What is needed: Only the pictures are to be dropped; the rest of the data below is to be duplicated exactly.

Supplied data:
<<<<
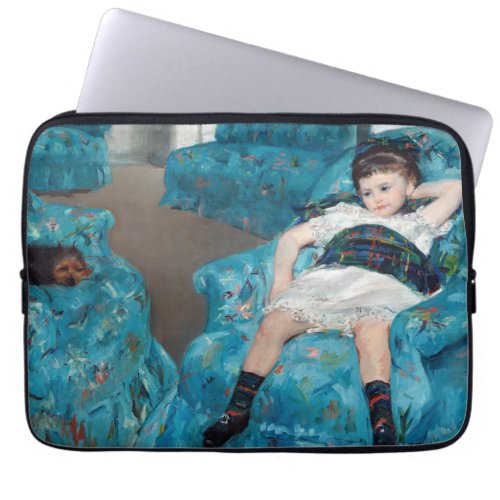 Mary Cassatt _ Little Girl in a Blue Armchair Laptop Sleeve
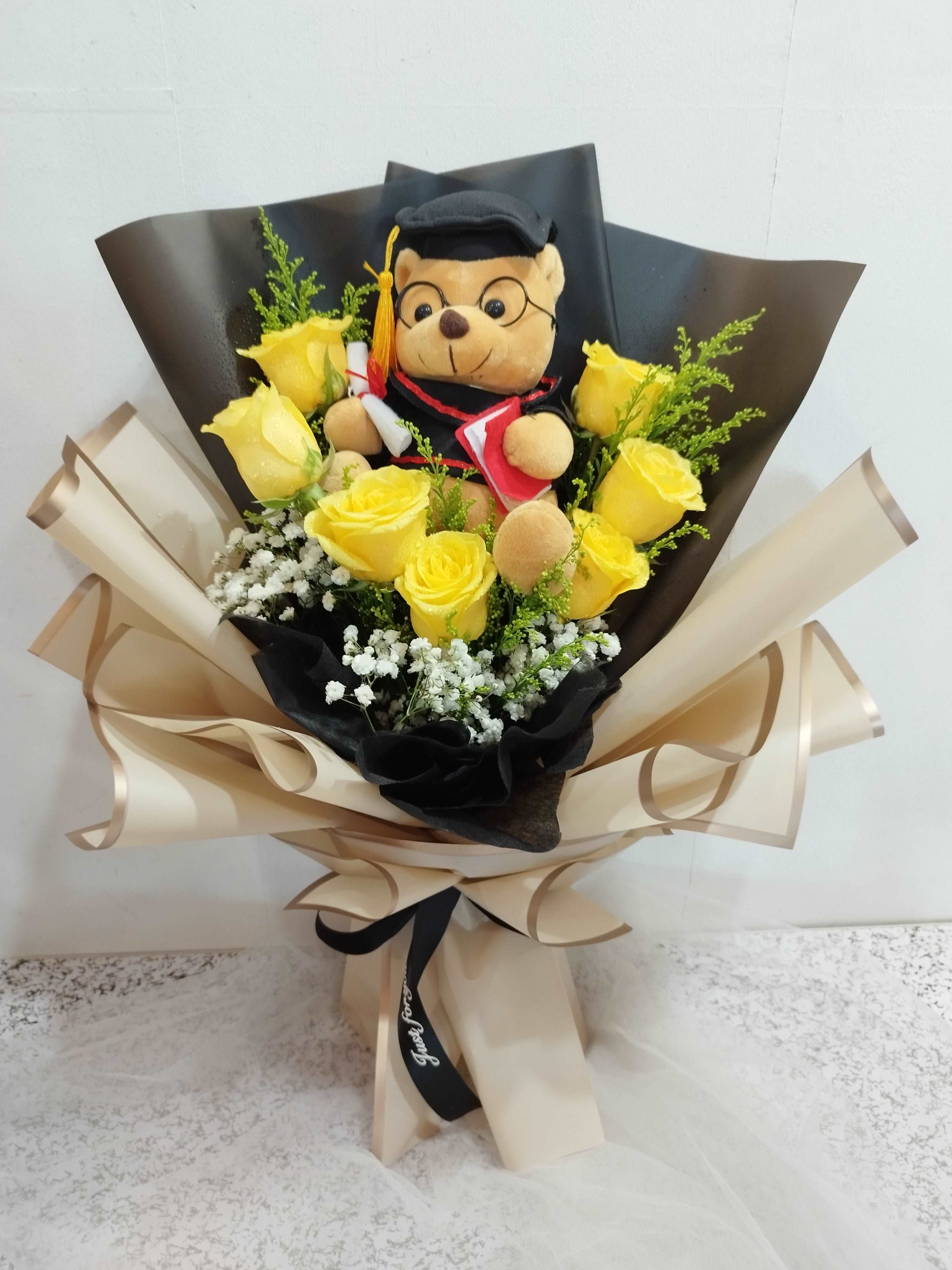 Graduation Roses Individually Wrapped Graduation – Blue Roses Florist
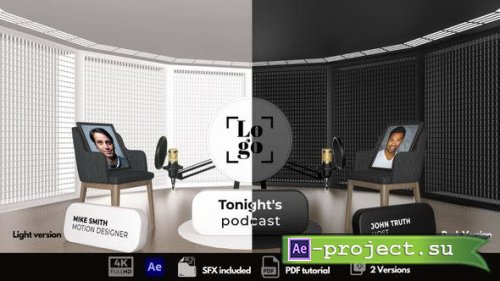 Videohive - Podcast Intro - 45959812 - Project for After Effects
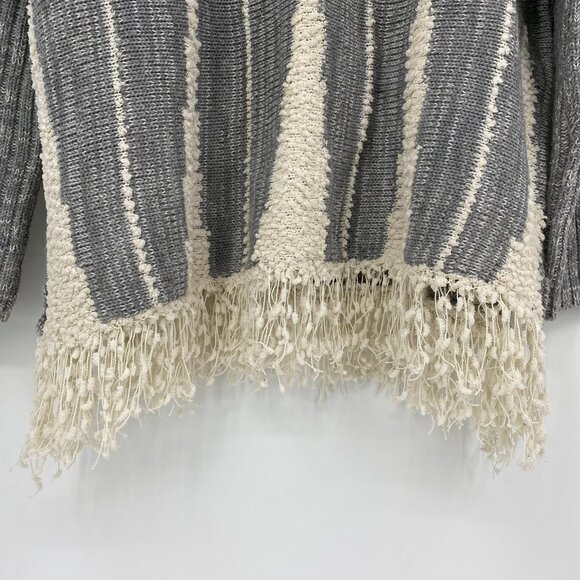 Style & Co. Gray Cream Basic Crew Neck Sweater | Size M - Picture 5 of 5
>>>>
Solved exercise:
 Mary Cassatt _ Little Girl in a Blue Armchair Laptop Sleeve
 Graduation Roses Individually Wrapped Graduation – Blue Roses Florist
 Videohive - Podcast Intro - 45959812 - Project for After Effects
 Style & Co. Gray Cream Basic Crew Neck Sweater | Size M - Picture 5 of 5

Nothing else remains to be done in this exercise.